• **Records from a data collection**
------------------------------------
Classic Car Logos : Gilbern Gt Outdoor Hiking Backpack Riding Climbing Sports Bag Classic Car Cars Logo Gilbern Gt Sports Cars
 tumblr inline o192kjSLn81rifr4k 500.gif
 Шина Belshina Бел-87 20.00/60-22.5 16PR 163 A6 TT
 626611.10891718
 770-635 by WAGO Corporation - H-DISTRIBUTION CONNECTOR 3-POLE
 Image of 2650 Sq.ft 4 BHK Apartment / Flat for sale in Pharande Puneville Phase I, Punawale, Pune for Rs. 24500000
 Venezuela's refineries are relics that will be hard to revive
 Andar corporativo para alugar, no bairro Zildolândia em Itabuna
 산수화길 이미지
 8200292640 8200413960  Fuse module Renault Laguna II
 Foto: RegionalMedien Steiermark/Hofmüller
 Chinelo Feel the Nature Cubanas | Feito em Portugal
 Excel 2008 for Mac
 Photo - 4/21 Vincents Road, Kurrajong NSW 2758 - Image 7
------------------------------------
• **Task**
The line above containing "Image of 2650", the line containing "Excel 2008 for Mac", and every line between them are to be transcribed exactly; no other line is wanted.

• **Result of this exercise**
 Image of 2650 Sq.ft 4 BHK Apartment / Flat for sale in Pharande Puneville Phase I, Punawale, Pune for Rs. 24500000
 Venezuela's refineries are relics that will be hard to revive
 Andar corporativo para alugar, no bairro Zildolândia em Itabuna
 산수화길 이미지
 8200292640 8200413960  Fuse module Renault Laguna II
 Foto: RegionalMedien Steiermark/Hofmüller
 Chinelo Feel the Nature Cubanas | Feito em Portugal
 Excel 2008 for Mac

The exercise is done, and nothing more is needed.